# Staining Help Needed! I finished my Red Oak Kitchen Cabinets and they look horrible!!



## mojavekat (Apr 14, 2012)

I'm a complete novice at staining and varnishing and am hoping to get some guidance from those with more experience than me!!

I bought some unfinished red oak kitchen cabinets from Home Depot and finished them myself with the following process:

1 coat Minwax sanding sealer using foam brush
sanded using 320 grit
3 coats Minwax water-based oil-Modified Polyurethane (clear semi-gloss) using foam brush
sanded 220 grit between each application

Problem: The grain was brought out with the finishes and it almost looks like different wood species was used on the face fronts of the cabinets!! 

I built 4 custom cabinets to fill in the oddball sizes in the kitchen and used solid red oak bought from Home Depot.
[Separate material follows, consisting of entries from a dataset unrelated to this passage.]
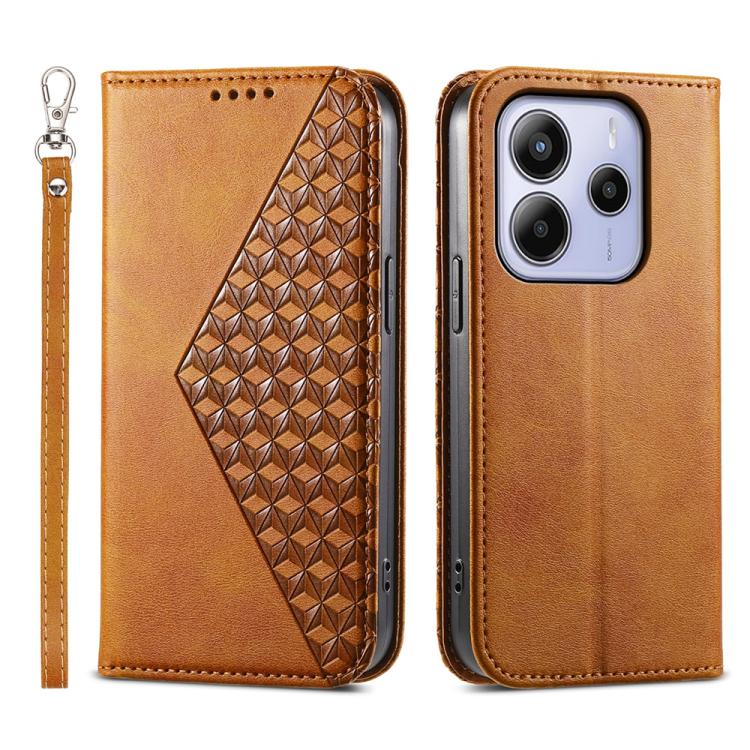 For Redmi Note 14 4G 164.84mm Cubic Grid Calf Texture Magnetic Leather Phone Case(Yellow)
For Redmi Note 14 4G 164.84mm Cubic Grid Calf Texture Magnetic Leather Phone Case(Yellow)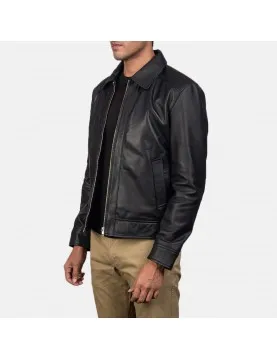 Inferno Black Leather Jacket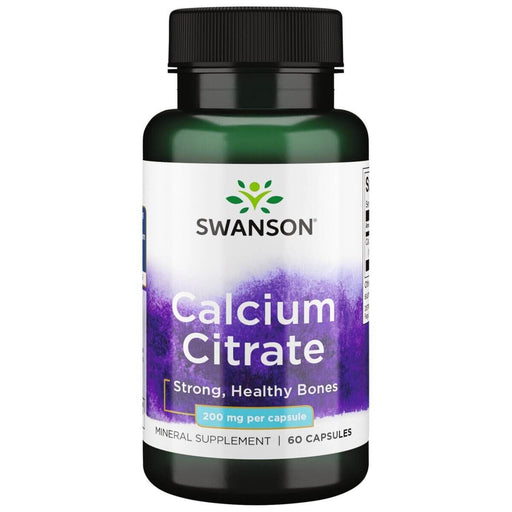 Swanson Calcium Citrate 200 mg 60 Capsules - Vitamins & Minerals at MySupplementShop by Swanson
The first picture below shows the right end cabinet I built and how different it looks next to the Home Depot cabinet. Even the Home Depot face fronts show huge variations in the wood (second pic). The last picture shows a cabinet before I applied the finishes.
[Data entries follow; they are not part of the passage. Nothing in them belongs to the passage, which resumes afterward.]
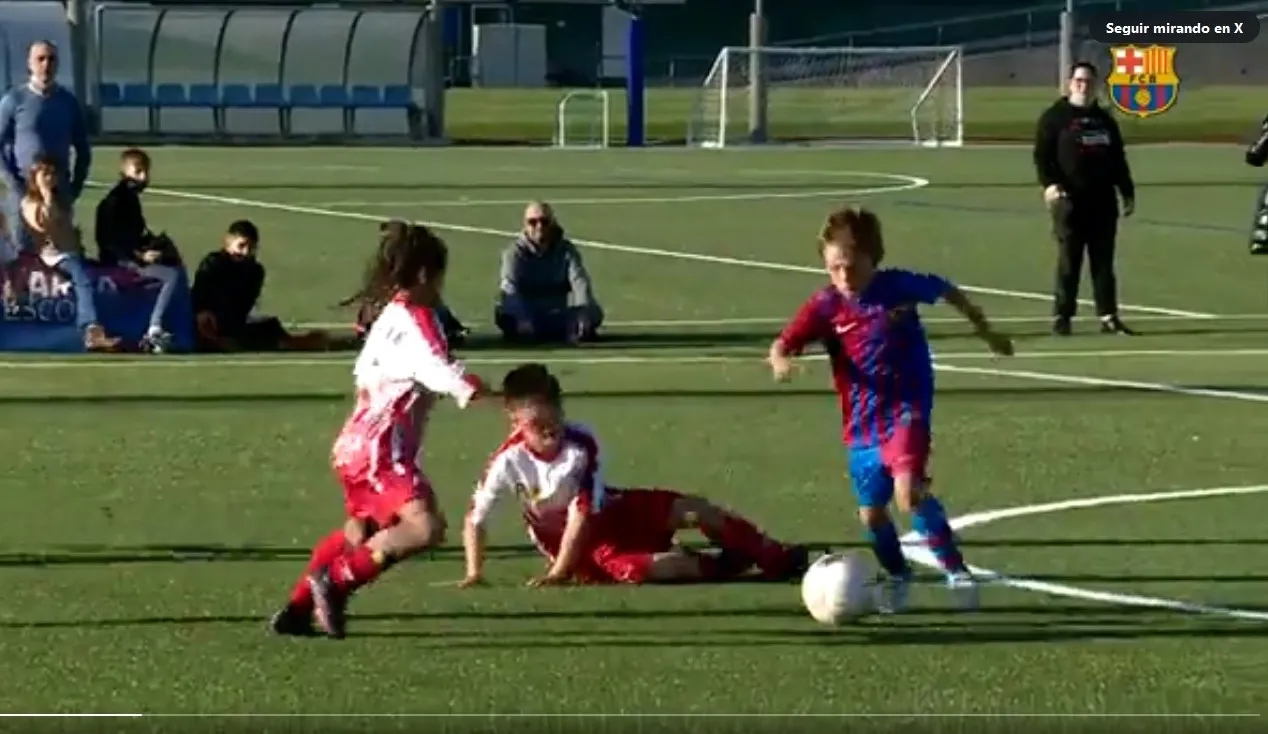 Pedro Juarez następcą Lionela Messiego. Barcelona ma nowego geniusza [WIDEO]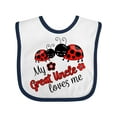 thumbnail image 1 of Inktastic My Great Uncle Loves Me with Cute Ladybugs Boys or Girls Baby Bib, 1 of 4
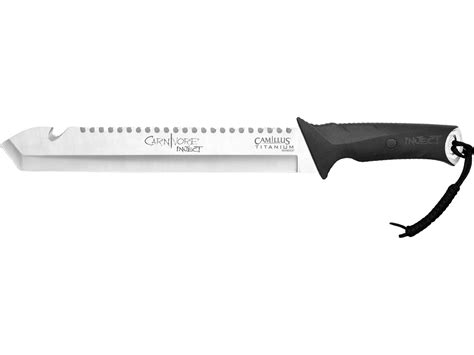 Camillus Carnivore Inject Machete 12 Spine Serrated Machete 420 Satin
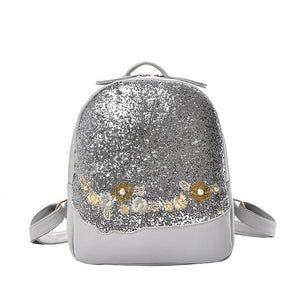 Women Backpacks Shining Sequin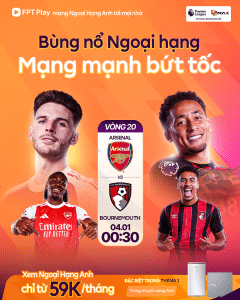 Bùng nổ Ngoại hạng Anh: Bournemouth vs Arsenal – Vòng 20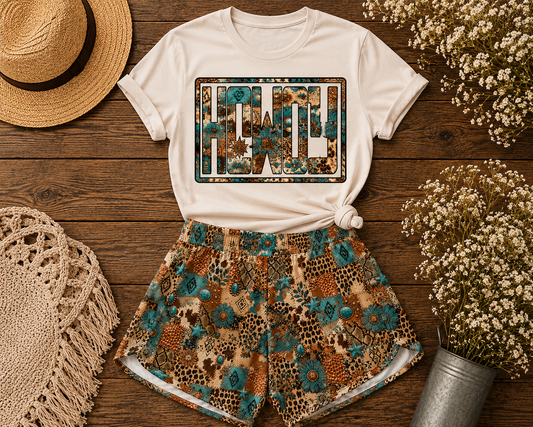 PRE ORDER - boho Howdy OUTFIT SET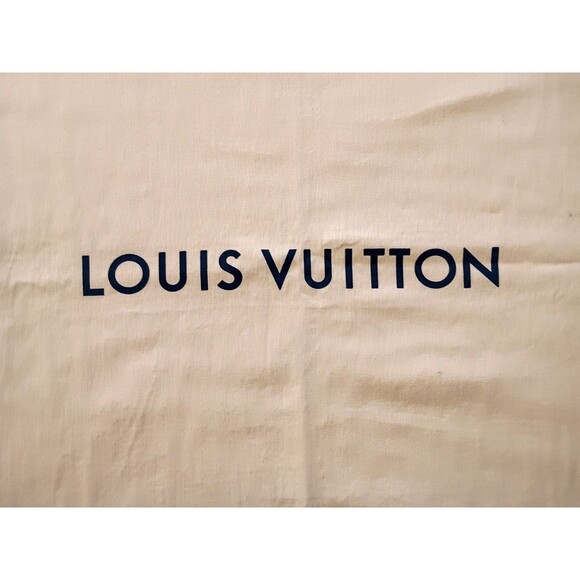 LOUIS VUITTON Authentic Drawstring dust bag XL | Beige 24.5” x 26” - Picture 4 of 7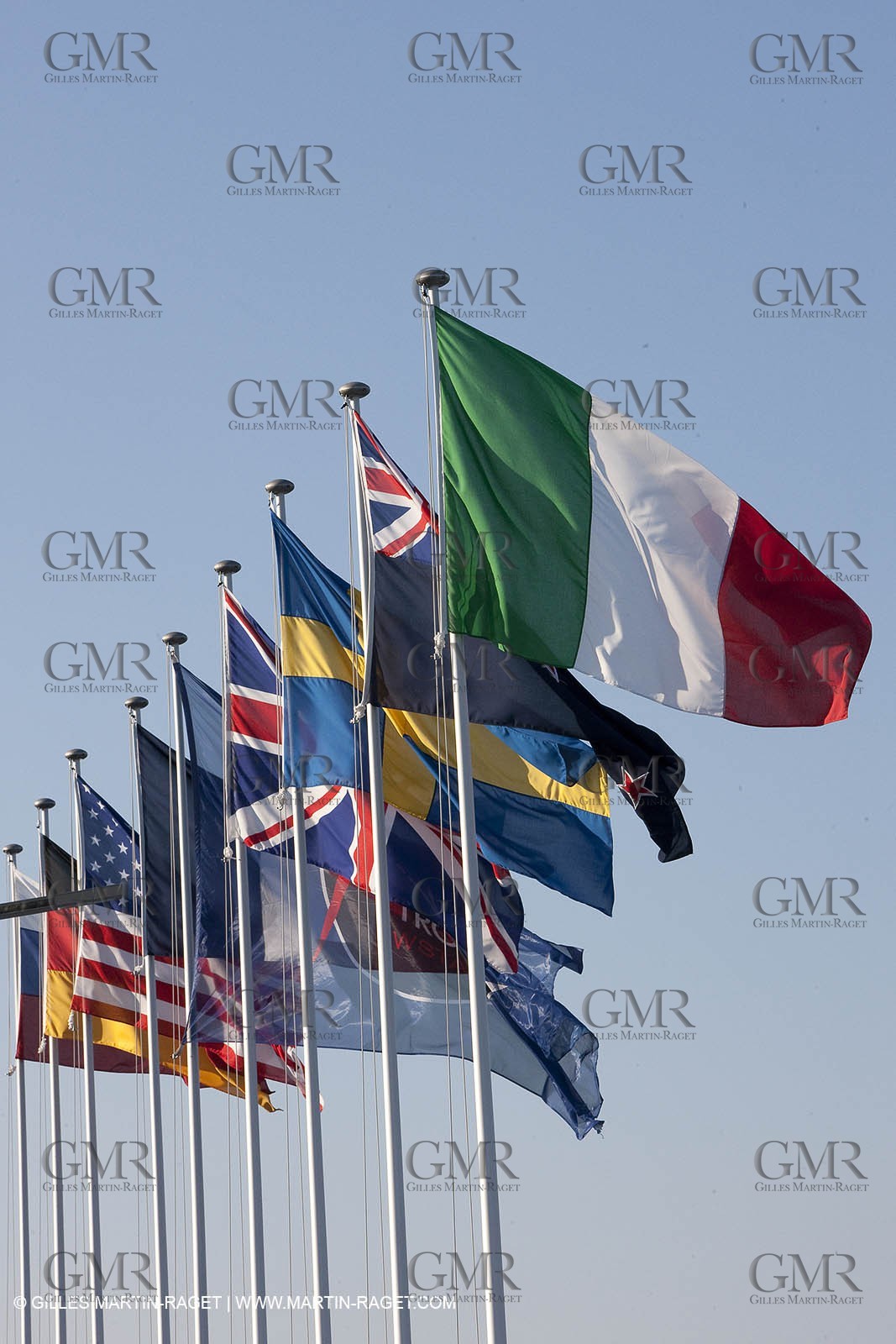 19 05 2010 - La Maddalena (ITA, Sardinia) Louis Vuitton Trophy - BMW ORACLE Racing -  - Opening Ceremony - Draw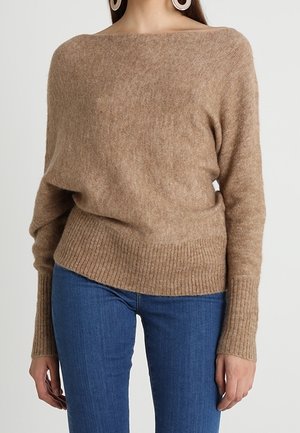 Strickpullover - mottled beige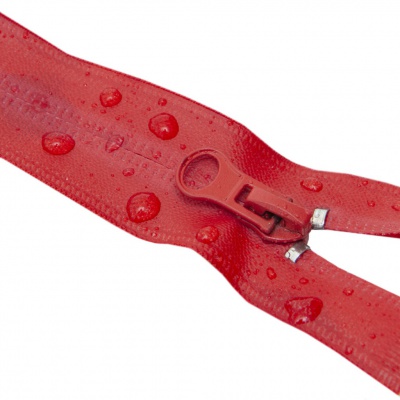 Молния водонепроницаемая PVC Т-7, 90 см, разъемная, цвет (820) красный - купить в Ханты-Мансийске. Цена: 61.18 руб.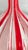 Red White and Transparent Glass Bottle Vase in the style of Gio Ponti, Italy, 1970s For Sale - Image 10 of 14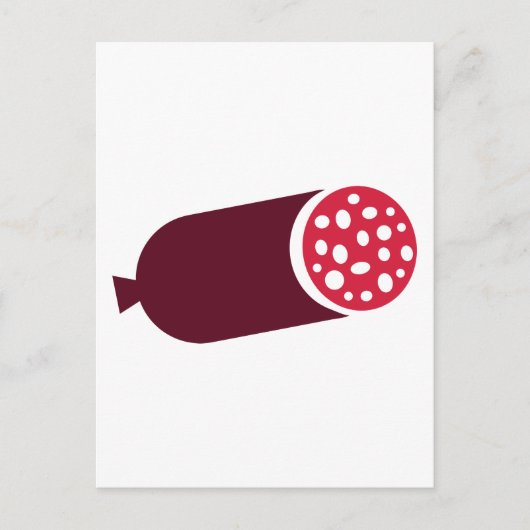 Salami Pepperoni-Wurst Postkarte (Vorderseite)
I didn't use stain since I don't like darker wood at all and just really like the lightness of the unfinished wood. I have since bought some quality bristles brushes and have access to a medium-quality paint sprayer if that is recommended.

---------------------------------------------------------------------------
Questions:

1) Can these finishes be completely sanded off? 
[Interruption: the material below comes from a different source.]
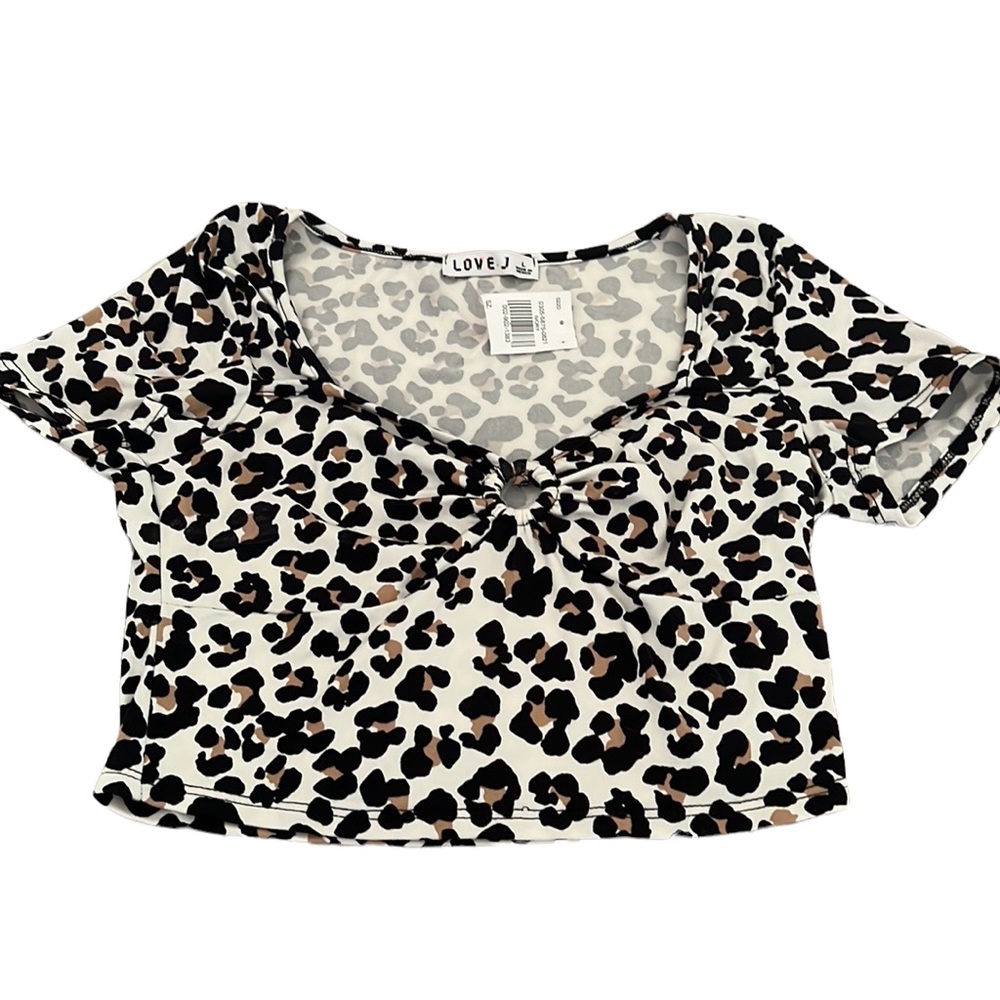 LEOPARD CROPPED TOP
2) Which finish (varnish, shellac, lacquer, water-polys) should I use to NOT bring out the grain and have the look of the unfinished cabinets (third pic) but to still have the approprate protection against water in a kitchen environment?

Thanks in advance for your advice!!! 
Diane


----------



## user1007 (Sep 23, 2009)

You have grain from a different part of different logs. You cannot expect them to match. Hard to say if it is all red oak. That wood looks awfully green too. Maybe that is just color balance from the lights and the camera setting?

You might try gel stains at this point to even things out. Rough up the surface of what you have. Apply the gel stain in thin layers and don't try to build it up. You will have to add some color. And you will be using them more as a glaze at this point since you will not be able to get stain into the grain. 

If you saved some scraps, replicate what you have so far then play with the gel stains.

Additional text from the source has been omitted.